As I coasted down the steep hill to the Pt. Defiance ferry dock, actively praying that I would make the boat, the security gate which separates running vehicles from bone-chilling Puget Sound teetered like a failing flag pole. With gravity (and a punctually-minded ferry worker) now in charge, the striped barricade fell back to earth, corralling me on the dock while the sweet little M/V Rhododendron chugged its way toward Vashon. A few slow motion head turns and whiny “no’s” later, I accepted my pole position for the next (and much later) ferry.
On the bright side, Boz and Gracie would get a long waterfront walk and the King Cab was stocked with provisions fresh from our stop at Tacoma Boys, a butcher shop, small grocer and produce stand that seems to have it all, including great people.
A produce man encouraged me to try a new apple called Opal. Its color is beautifully jarring, the standout kind of butterscotch yellow you see on a school bus or taxi cab. The Opal apple is a cross between a Golden Delicious and a Topaz apple and is capped with a little russeting on the stem end.
The apple has a unique texture and flavor, extremely crispy, but not overly juicy. There’s a density and dryness to the apple that I find appealing. It’s a serious chew that unleashes butterscotch, caramel overtones and concentrated flavor. Another great thing about the Opal apple is its flesh does not discolor. In the photo above, the right side was freshly sliced and the left side was cut the day before; the browning is minimal.

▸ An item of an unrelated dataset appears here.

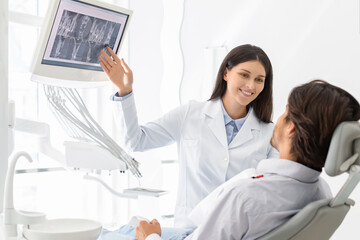 Obraz premium Beautiful female dentist doctor showing her patient x-ray results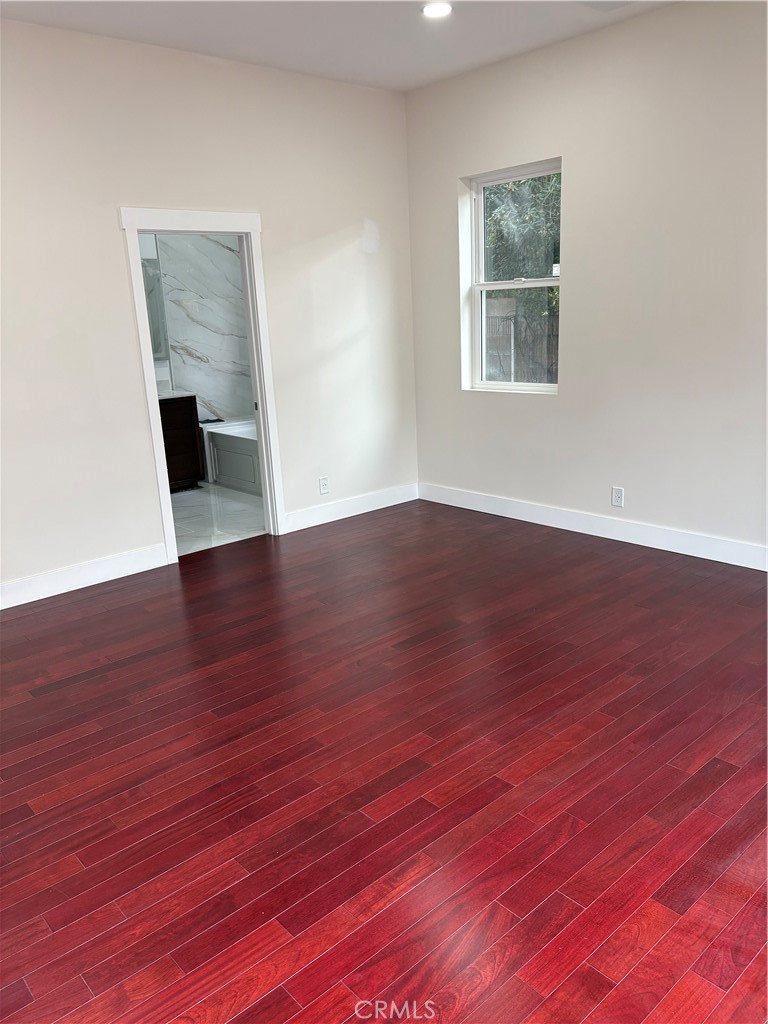11862 Paseo Bonita Los Alamitos, CA 90720 - Photo 27 of 48 a view of an empty room with wooden floor and a window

But don’t take my word for it. Peer into the mug of a true apple lover and crafty connoisseur. Feigning sleep, he made his move as I left the truck to fetch a new ferry schedule. Three apples disappeared without trace, as Boz and Gracie nuzzled together like sleeping innocents. How do I know Boz and Gracie pilfered the pommes? Oh it was an inside job alright, something I was able to confirm (unfortunately) on the ferry ride home with all windows rolled down. Lucky for us, smoking is not allowed on Washington State Ferries.